Because of her friendship with brash, effervescent Fergie, at a time when she was beginning to see that her once adored husband was not perfect and could not give her everything she craved, Diana reached a turning point in her life. She had Fergie to thank for the change in her attitude toward her husband and her way of life--a change which was to shake and almost undermine her marriage, worry the queen and alarm the royal advisers.

Fergie's existence made Diana do some hard thinking. She envied her friend's independence and realized that she, too, had a life of her own to lead. Her youth was slipping by. She had met Charles when she was very young, and hardly had time to enjoy the carefree teen-age years before she was saddled with the yoke of royal protocol.

Diana began to realize that the time had come for her to start enjoying life. She was 25 years old and needed to cast aside her feelings of immaturity and nervousness.

Fergie introduced her to a younger set of women who brought along their boyfriends. These young men were perhaps five or 10 years younger than Charles, and Diana realized that she was enjoying herself in their company. There was no heavy conversation that she couldn't understand, as there so often was at Kensington Palace dinner parties. These people made no demands on her intellect; she could just chat away about trivia. Nobody took anything very seriously. Diana could now act like a young woman. She could laugh and have the type of fun she had all but forgotten was possible after her marriage into the royal family five years earlier. And she could crack her own little jokes and get a laugh in return, instead of the icy looks from around the royal dinner table that often greeted her attempts to lighten the conversation.

These young men and women were full of vitality. Their dinner parties were noisy, funny and argumentative, so different from the boring, protocol-ridden dinner parties Diana had become used to with Charles and his conservative friends.

It was Fergie who brought Diana back out into the world she had once enjoyed. Fergie and Prince Andrew loved to go out together to cocktail or dinner parties and joke around, even drink a little too much. One reason Andrew was attracted to Fergie was that she always seemed to enjoy life and have a smile on her face.

At one evening cocktail party in the summer of 1985, Diana, Andrew, Fergie and 20 or so other young people had gathered. The evening was going swimmingly when the phone rang. It was the queen.

The hostess shouted, "Andrew, it's your mother on the phone."

"What the hell does she want?" he asked in a loud voice.

"I don't know. I'll ask," came the reply.

A second or two later the hostess shouted, "She wants to know whether you will be home for dinner tonight."

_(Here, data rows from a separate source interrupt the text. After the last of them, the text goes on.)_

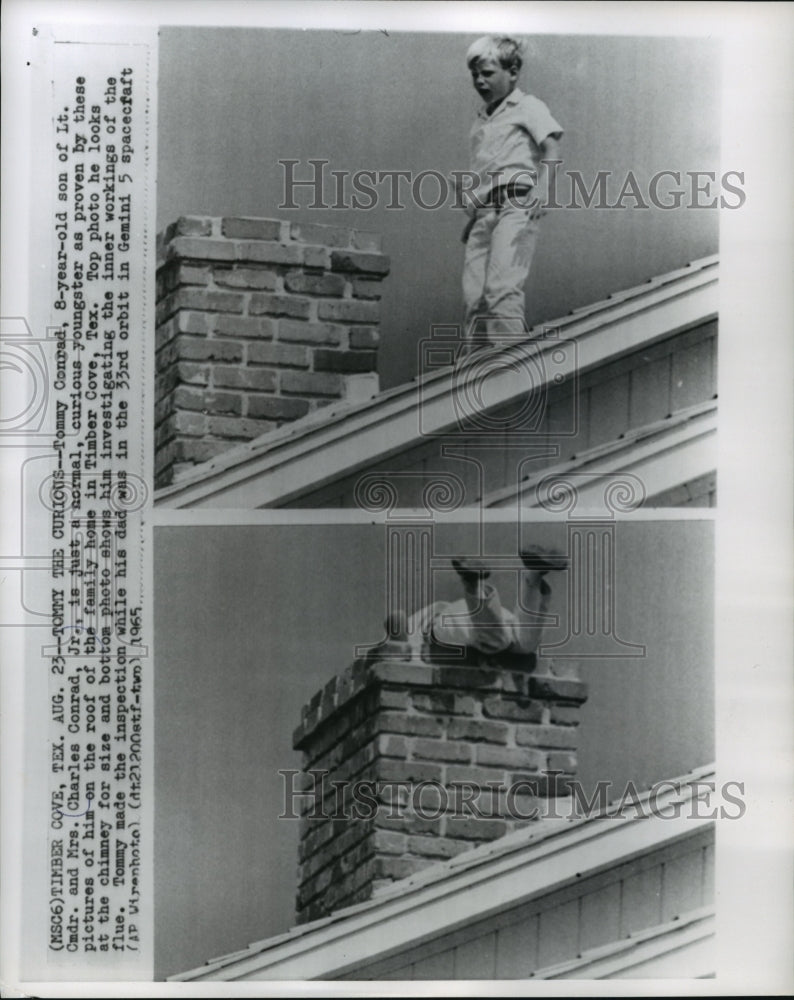 1965 Press Photo Tommy Conrad, son of Lieutenant Commander Charles Conrad-Historic Images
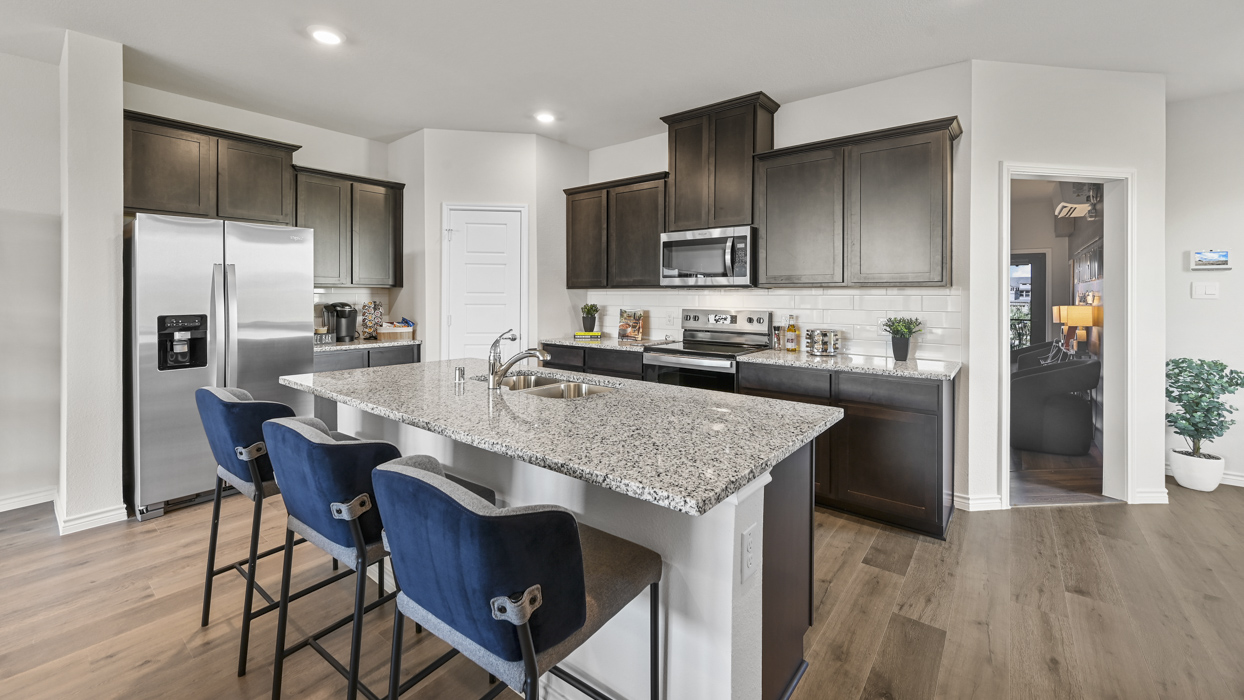 1964 Ophelia elevation Kitchen Gallery Image-The Villages of Hurricane Creek in Anna, TX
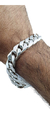 Pulsera Planchada Tejido Cubano De Plata 925 Para Hombre - buy online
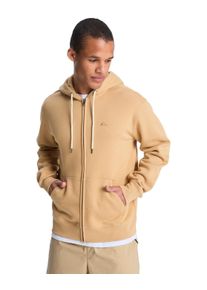 Hoodie Quiksilver "Salt Water", Herren, Gr. M, khaki, Obermaterial: 55% Walkfrottier, 25% Walkfrottier, 20% Microfaser;, Sweatshirts Hoodie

Andrew called to her above the noise of the conversation, "Tell her no. I'm out enjoying myself."

He turned to the group around him, which included Diana and Fergie, and said, "If she thinks I'm going back to a boring old dinner at the palace she's in for a shock." Diana roared with laughter.

Diana started to enjoy alcoholic drinks, something she'd rarely done before. She started to unbend and forget the rules of etiquette which had been drummed into her by Charles and the royal advisers. She cast off her inhibitions and behaved like a normal, decidedly unroyal, person. She was no longer confined by the restrictions and protocol of Kensington Palace, and the need to keep up appearances in front of the staff.

The more she socialized with her new set of friends, the more she realized the difference between her husband and the dashing young men she met. She realized she had far more in common with these young profligates, whose idea of a good time was to laugh boisterously and throw bread rolls at each other in a restaurant or drink too much bubbly. Anything but serious conversation.

Charles and Diana started having more rows. Diana was determined to continue her newfound, hedonistic life, and damn the consequences.